Allen's agent is the notorious Marty Manny, who only got into broadcasting because he wanted to make a gillion bucks.
"Look, Al, puppydog," says Marty. "I know you're contract's up for renewal, but I think we can get you 200 thou a year. We took a little 'Q' survey here and it turns out that three out of five women in the most desirable supermarket checkout lines are more aware of you than they are of Mister Whipple, Queen Elizabeth II, Helen Gurley Brown, Frank Lloyd Wright or Casper the Friendly Ghost."
"Oh," says Allen. "And just who pray-tell is Frank Lloyd Wright?"
"Never mind, bunny rabbit," says Marty.
With only a few minutes to grab peanut butter cheese crackers from the station snack bar, Allen rushes into Studio B for the afternoon Eyewitness News Center Action-News News Update. A makeup person applies a careful new coat of No. 5 to his face and a prop man loosens Allen's collar and tie. A few drops of water are applied to his forehead so it will look as if he is perspiring.
"Allen, honey, could you lean more into the typewriter?" asks the director over the inter-com.
"The what ?" says Allen.
"The typewriter. That big thing there with the letters on it."
"Oh sure, sure," says Allen. Then someone hands him three pieces of yellow paper with great big printing on them and he reads the news update on the air:
"Cancer cure discovered, government overthrown, congressman jailed, tornado strikes, negotiations collapse and movie star reveals super diet," Allen says. "These stories and much, more more on Eyewitness NewsCenter Action News at 6. Yes, we'll have all the news, the news behind the news, and the news behind all the news behind all the news. News that's fast, up to the minute, and accurate and, best of all, exciting! Yes, we care about the news, and we care about you -- in fact, we care about you more than the guys on the other channels care about you -- so stay tuned for more news on your newsiest news station."
"Great!" says the director. "Al, buttercup -- you were really good on that 'up-to-the-minute and accurate' part."
Allen blushes. "Thanks, Joe," he says. But now he must hurry back to Studio A, to tape a promo for the assistant director of publicity and promotion, who only got into television because he was in a bad mood at the time.
Just once over the script and Allen is ready to record. "If you missed Eyewitness NewsCenter Action-News News last week, here's what you missed," he barks into the mike clipped to his $18 tie. "You missed -- 800 killed in South American earthquake! Carl Clairol at the scene of the big suburban kidnapping! Fourteen people rushed to hospital with fast food poisoning! And bloody massacre in Ndwji!
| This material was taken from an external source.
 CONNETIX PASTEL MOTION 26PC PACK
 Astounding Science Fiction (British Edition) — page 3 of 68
Yes, you missed a lot if you missed WART-TV News!"
"Terrific," says the assistant director of publicity and promotion. "Now we'll just put some rock music under that and play it 26 times a day."
"Boy, this has been a busy one," says Allen Average, who suddenly thinks he feels perspiration on his brow and then remembers that it was applied a bit earlier with an eye dropper.
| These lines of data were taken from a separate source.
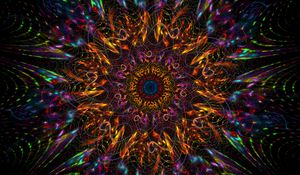 Preview wallpaper mandala, pattern, colorful, tangled, abstraction
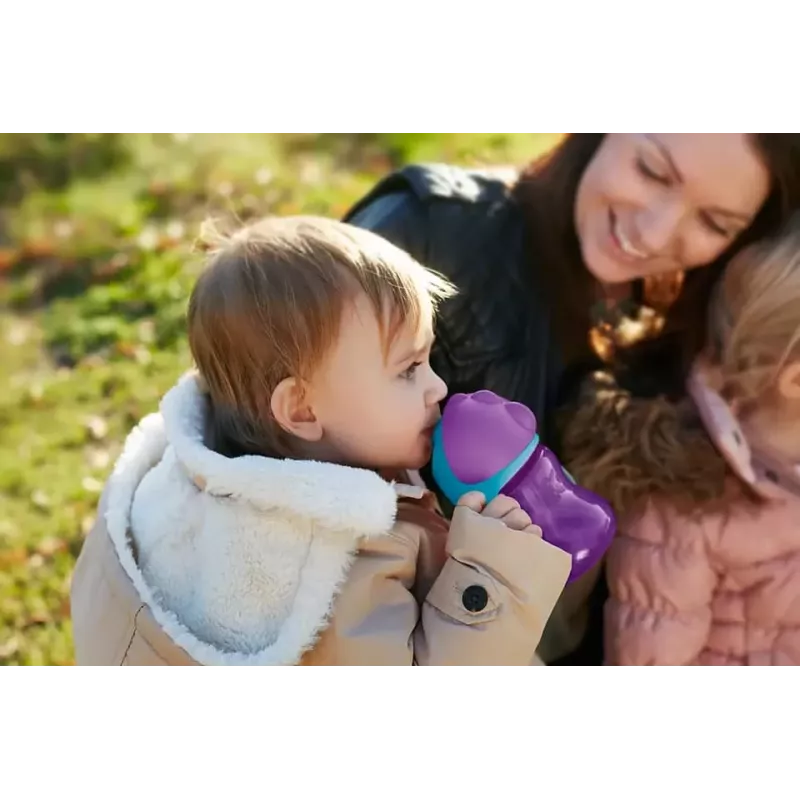 Philips Avent Bendy Straw Ποτήρι 200 ml, 9m+, Μωβ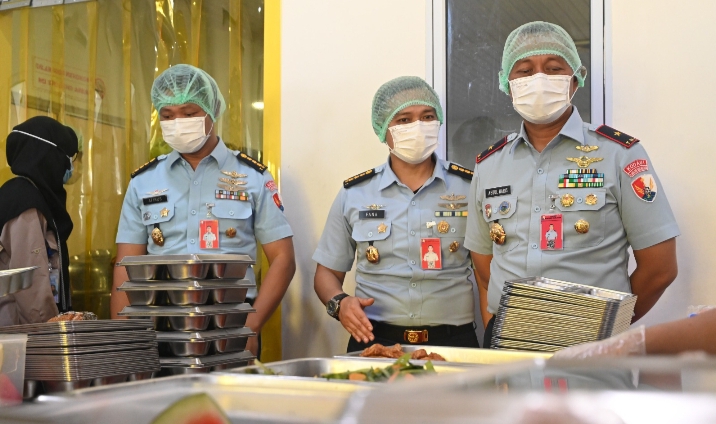 Danlanud RSN Tinjau Produksi SPPG, Pastikan Layanan Gizi Tepat Mutu dan Tepat Sasaran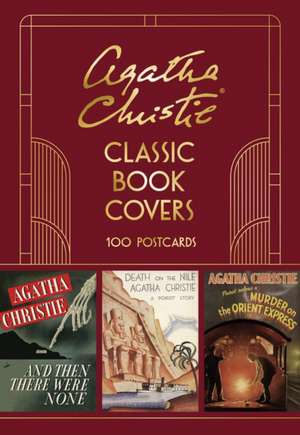 Agatha Christie Classic Book Covers: 100 Postcards de Chronicle Books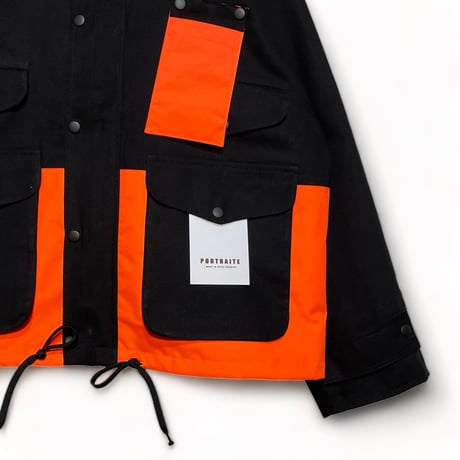 PORTRAITE"classic field jacket short"(hi-vis orange)unisex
But now it is 6 p.m. and time for the evening news. Allen has changed into another suit and has had his pancake -- that is, his makeup -- refreshed. In the monitor he notices one tiny hair out of place and he pats it down just as he hears the station announcer booming his introduction:
"... and now here with all the news is Allen Average, award-winning journalist and reporter. Yes, when there's news around, Allen is there. He's not afraid to get his feet wet. He's not afraid to get his fingernails dirty. He rolls up his sleeves and gets that story. Ladies and gentlemen... a gian in the profession of journalism... Allen Average!"